KACHHI CANAL PROJECT:
This is the largest single project under construction in Balochistan with an allocation of Rs.31 billion. It is supposed to irrigate 712750 acres of land in Dera Bugti, Nasirabad, Bolan and Jhal Magsi districts of Balochistan. The capacity of this canal is 6000 cusecs, with a total discharge of 2.021 MAF of which 0.452 MAF is perennial and 1.57 MAF as flood flow. It takes off from Indus River at Taunsa Barrage in Dera Ghazi Khan district. Its length would be 500 kms, 3 hundred kms in the province of Punjab and 200 kms in Balochistan. Kachhi canal will enter Balochistan close to Sui and would flow in a westerly direction towards Kachhi district.
Drip/trickle irrigation is most probably the most suitable method in view of the shortage of irrigation water in Balochistan for irrigating crops and fruit and vegetables. However, NGO's and extension service of the Agriculture department should create awareness amongst the farmers to adopt this useful technology in their own interest.
The government has also started work on land-leveling and lining of water courses through On-Farm Water Management Projects besides introducing and developing irrigation system as a scientific and effective measure to economize on irrigation water.
The quality of its deciduous fruits is as good as of the fruit anywhere in the world.
The monetary benefits per acre earned by the growers are probably the highest in the world, which are about:
Apple: Rs.60,000, Cherry: Rs.50,000, Almond : Rs.60,000.
Balochistan contributes about 45 percent of the total fruit produced in Pakistan. About 220,000 acres of warmer parts of the province like Makran, Kharan, Noshki and Khuzdar are well known for dates. Balochistan also produces cash crops including potato, onion, melon and cumin in good qualities. Nurseries have been established at Pishni, Loralai, Ziarat and Mastung, which are proving helpful for increasing fruit production and improving quality of fruits.

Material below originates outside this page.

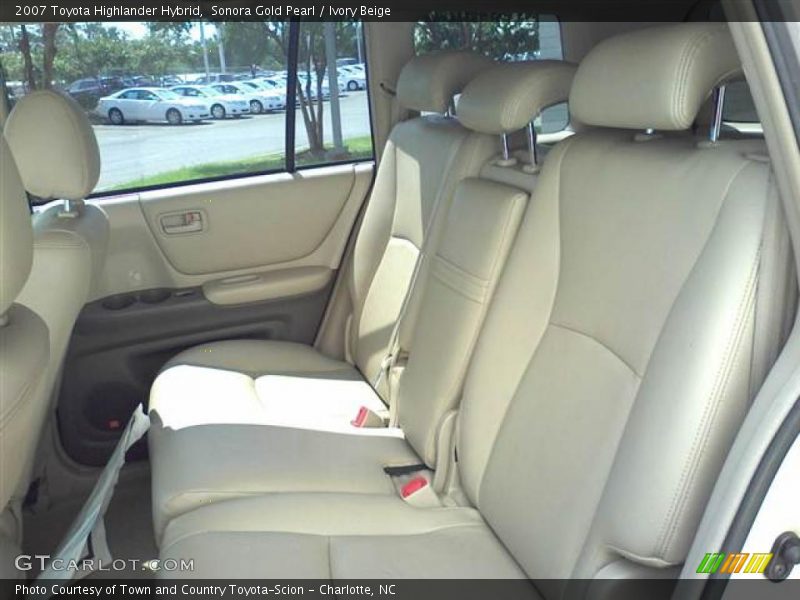 Sonora Gold Pearl / Ivory Beige 2007 Toyota Highlander Hybrid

Deciduous Fruit Development Project was started about 12 years ago with assistance of United Nations Development Program (UNDP), which is proving instrumental to enable the farmers to improve the quality of their fruits. The second phase of the project started about 8 years ago.
These fruit need to be scientifically picked to avoid wastage and deterioration of quality, graded, polished, wherever necessary, and suitably packed before marketing. Establishment of processing plants for value addition would prove beneficial in increasing earnings and employment opportunities to the local population. Since under the instructions of the State Bank of Pakistan, Zarai Taraqiati Bank and other banks are providing credit for agriculture related facilities, fruit and vegetable processing plants can be established by the interested parties in the province. The relevant information and awareness needs to be provided by the Agriculture Extension Service.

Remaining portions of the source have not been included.